Return every line of the data below exactly, but do not include the images.

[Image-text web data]
-=-=-
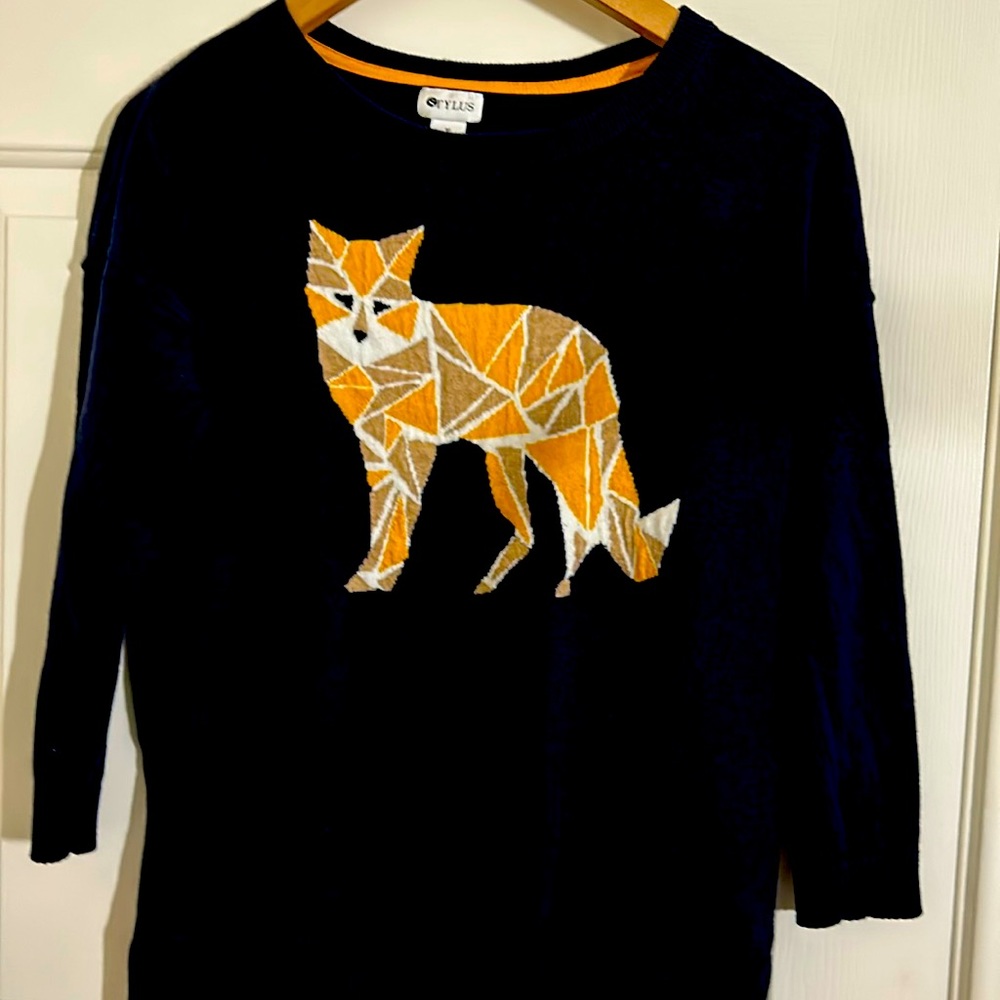 Beautiful navy fox sweater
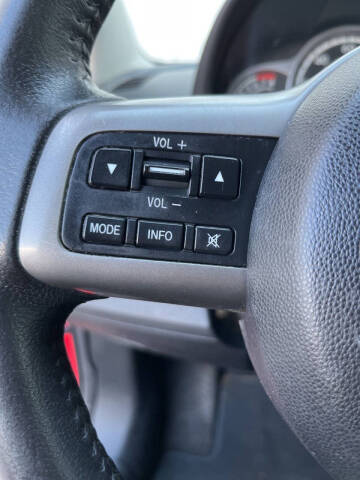 2012 Mazda MAZDA2 Touring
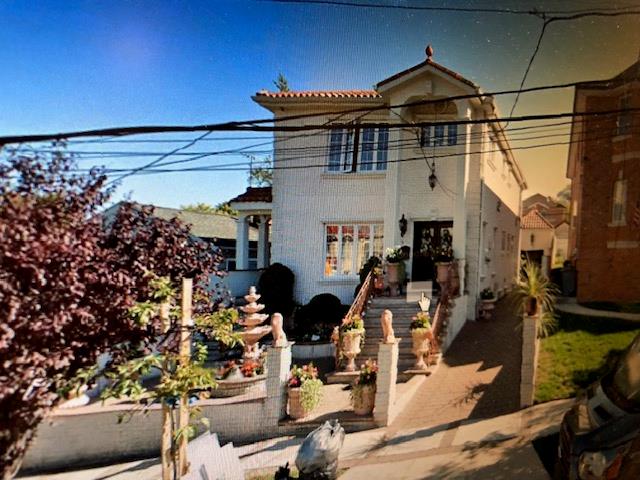255 Street, Little Neck, Queens, NY - 2 Bedrooms  
1 Bathrooms  
5 Rooms - 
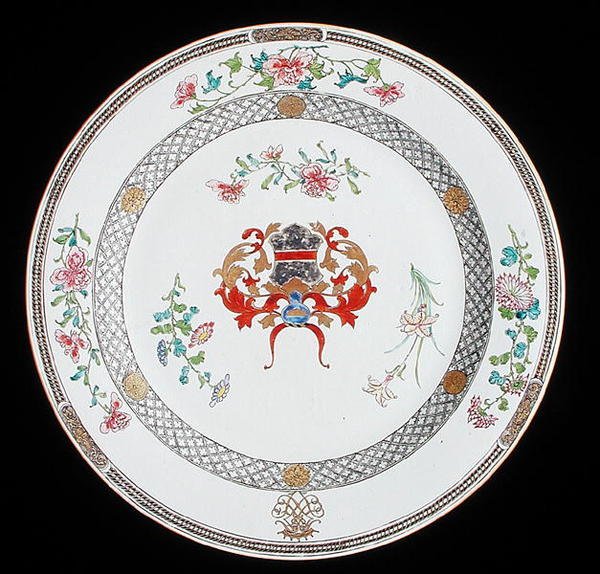 Ein famille rose Wappenlader mit den Armen von Leonrodt aus Österreich, ca. 1730 von School Chinese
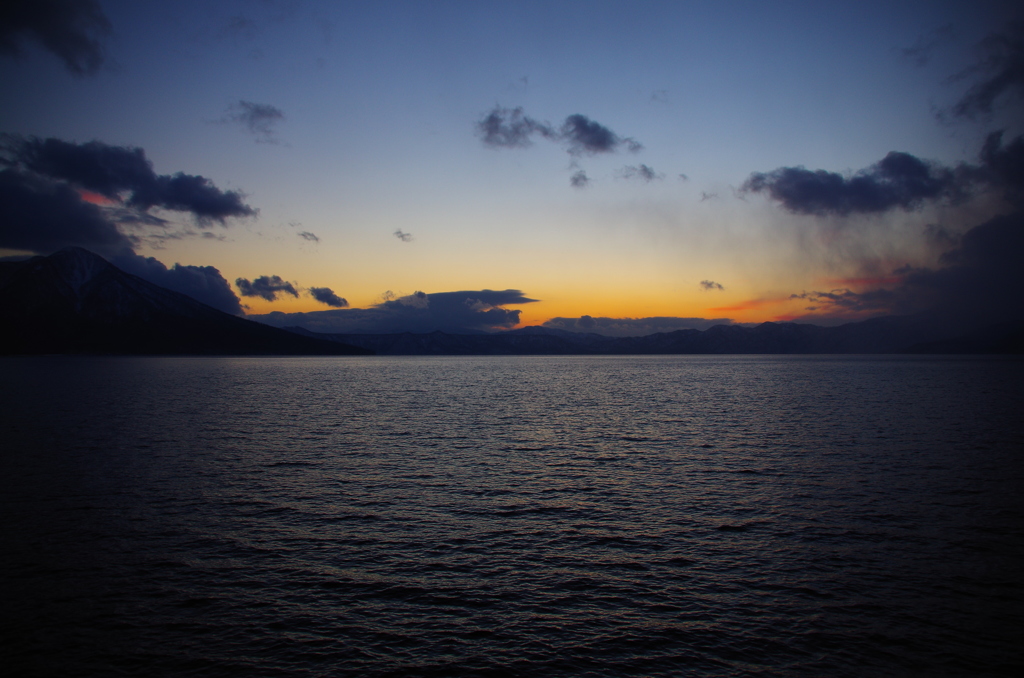 支笏湖夕暮れ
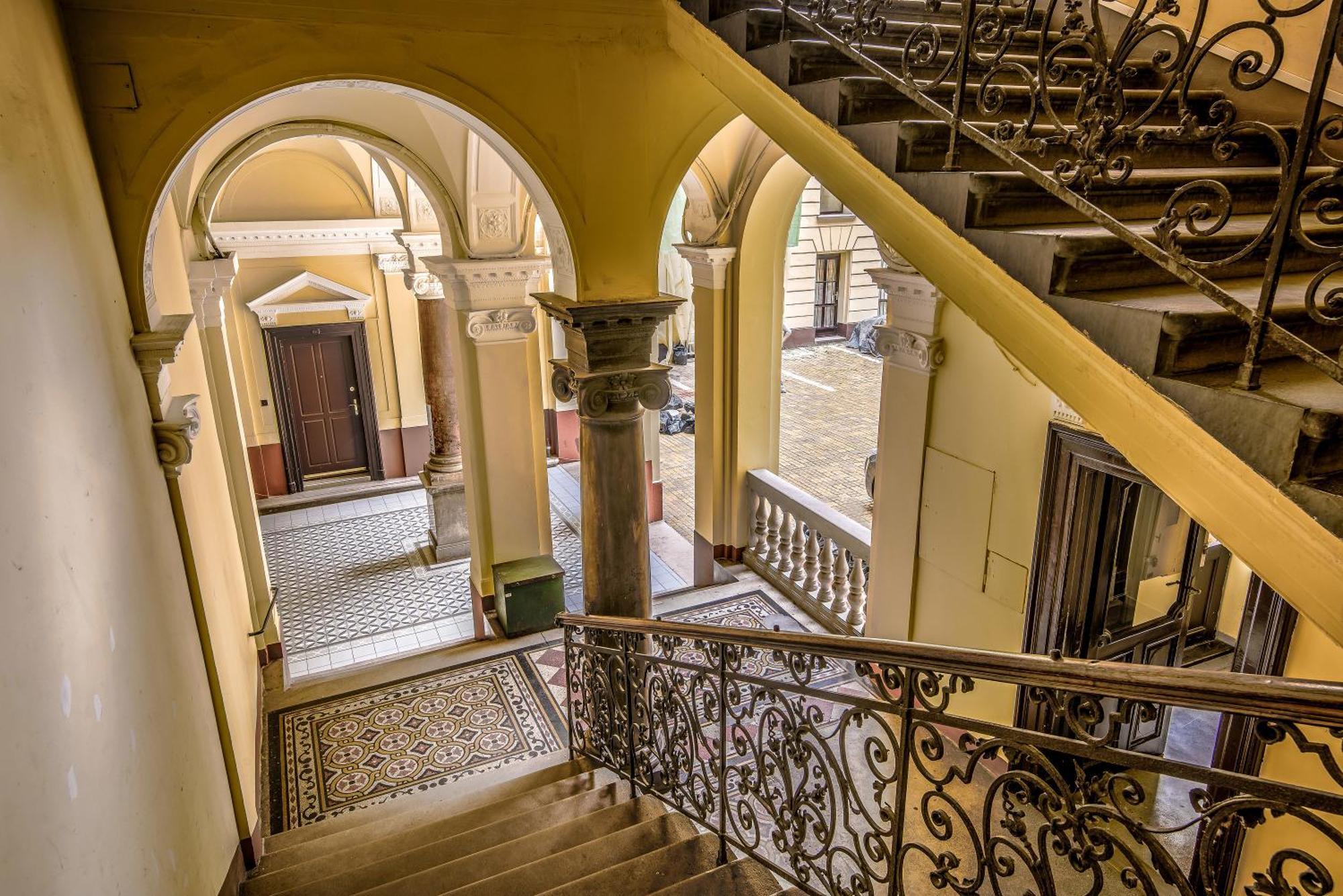 Apartment 4 Bedrooms 4 Bathrooms Luxury In Centre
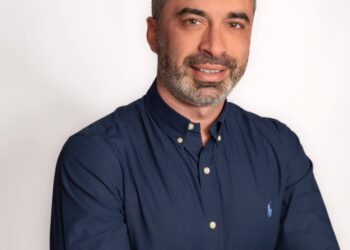 Π. Μαρνέζος: Τι απαντά ο αρμόδιος αντιδήμαρχος για την επίθεση που δέχτηκε μητέρα με το μωρό της από αδέσποτα στο Πάρκο Αγρινίου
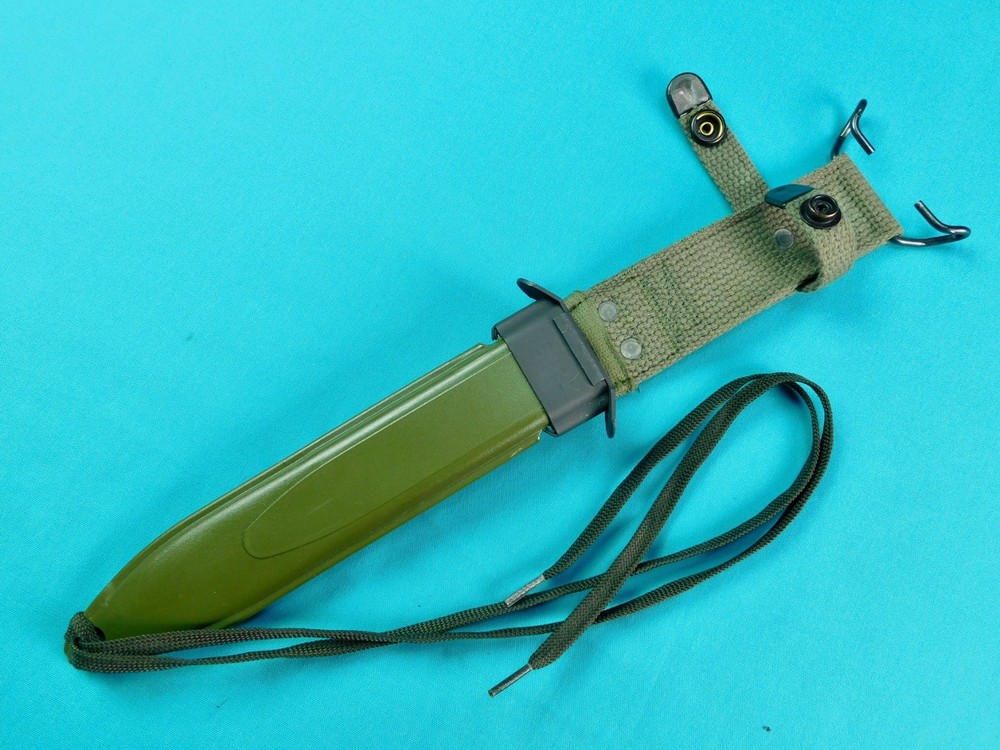 Vintage US Bayonet Fighting Knife Scabbard Sheath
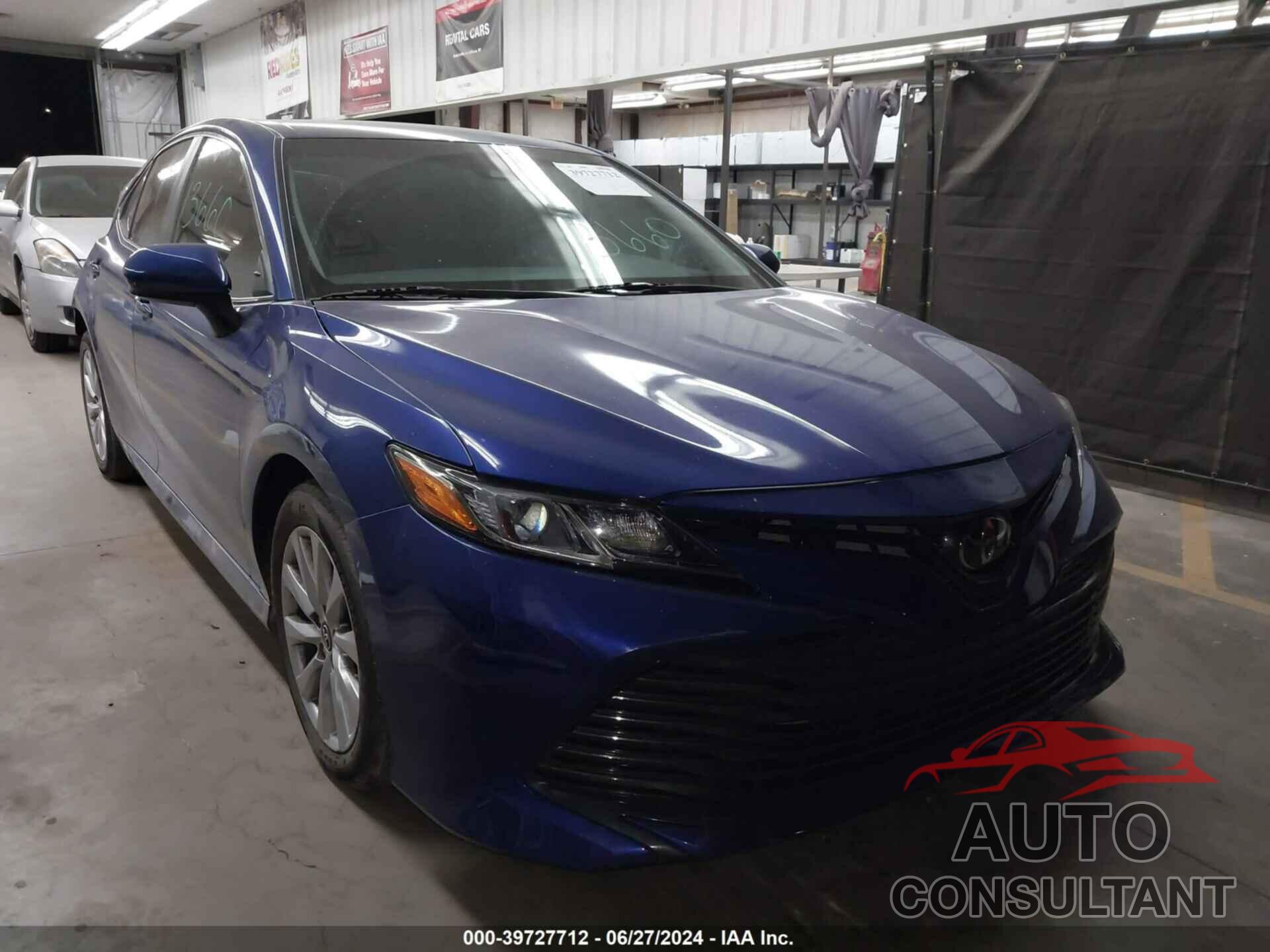TOYOTA CAMRY 2018 - 4T1B11HK5JU513834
-=-=-
• Task response:
 Beautiful navy fox sweater
 2012 Mazda MAZDA2 Touring
255 Street, Little Neck, Queens, NY - 2 Bedrooms  
1 Bathrooms  
5 Rooms - 
 Ein famille rose Wappenlader mit den Armen von Leonrodt aus Österreich, ca. 1730 von School Chinese
 支笏湖夕暮れ
 Apartment 4 Bedrooms 4 Bathrooms Luxury In Centre
 Π. Μαρνέζος: Τι απαντά ο αρμόδιος αντιδήμαρχος για την επίθεση που δέχτηκε μητέρα με το μωρό της από αδέσποτα στο Πάρκο Αγρινίου
 Vintage US Bayonet Fighting Knife Scabbard Sheath
TOYOTA CAMRY 2018 - 4T1B11HK5JU513834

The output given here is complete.